Wippermann bezieht zu Recht Stellung gegen die ideologisch motivierte Deutung historischer Prozesse im Mittelalter und der frühen Neuzeit in den nationalstaatlichen Kategorien des 19. und 20. Jahrhunderts. Andererseits benutzt er selbst relativ unreflektiert einen Begriff wie "die Deutschen", wenn es darum geht, deren kollektive Defekte aufzuspüren. So konstatiert er eine "um sich greifende neue Türkenangst", die sich "fast wie die alte an der Religiösität (sic!) und nicht so sehr an der Nationalität der deutschen Türken und der Türken in Deutschland" entzünde. Dabei säßen die von Turkophobie erfassten "Teile der deutschen Mehrheitsgesellschaft" jedoch einem Irrtum auf, denn der extreme Islamismus, den man durchaus fürchten müsse, sei dem wahren Islam fremd. Dies zu hören ist sicherlich tröstlich für die Bewohner jener Stadtviertel, in denen die Folgen einer verfehlten, weil fehlenden, Einwanderungspolitik auch für einen in Dahlem lehrenden Zeithistoriker nicht zu übersehen sein dürften.

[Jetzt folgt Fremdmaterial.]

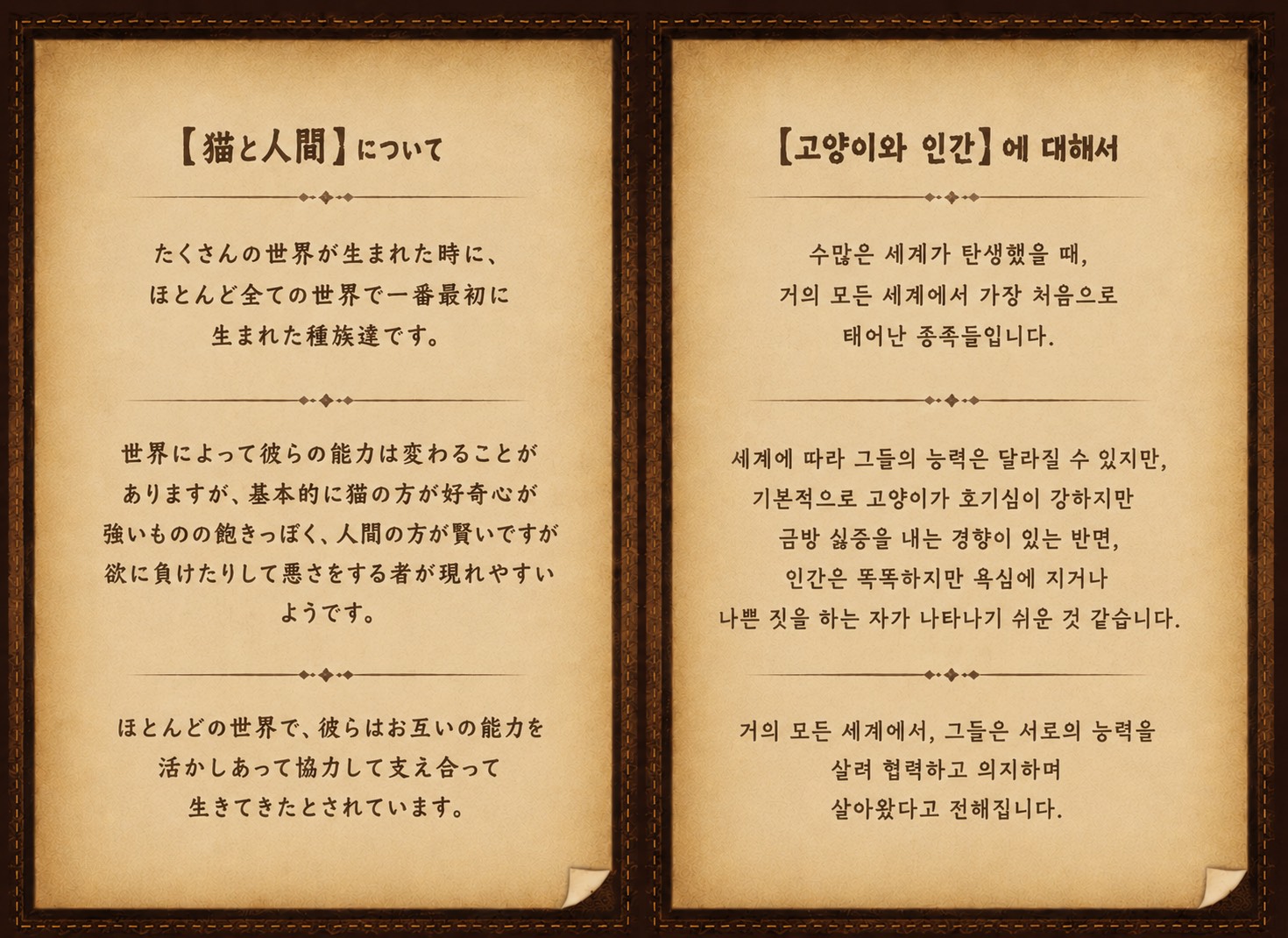 고양이와 인간에 대한 설정 이미지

In seiner Einleitung verspricht Wippermann "eine Darstellung der Entstehung, Genese und Funktion des bzw. der deutschen Geostereotype über den bzw. die Osten". Um dies zu leisten, muss er mehrere disparate Phänomene unter einen Hut bringen. Denn es besteht, zumindest aus deutscher Sicht, kaum ein Zusammenhang zwischen den Eroberungsgelüsten des Osmanischen Reiches und der erst in den letzten Jahren als solche erkannten Einwanderungsproblematik. Auch ist es gar nicht so einfach, den Bogen vom "orientalischen" zum "europäischen" Osten zu spannen. So bleiben am Ende "die Deutschen" und ihre Angst die einzigen wirklichen Konstanten seiner Argumentation.

Insgesamt handle es sich bei seinem Thema um ein "nicht nur weites, sondern auch schwieriges Feld". Den Nachweis, dass sich dessen Bearbeitung lohnt, kann Wippermann leider nicht vollständig erbringen.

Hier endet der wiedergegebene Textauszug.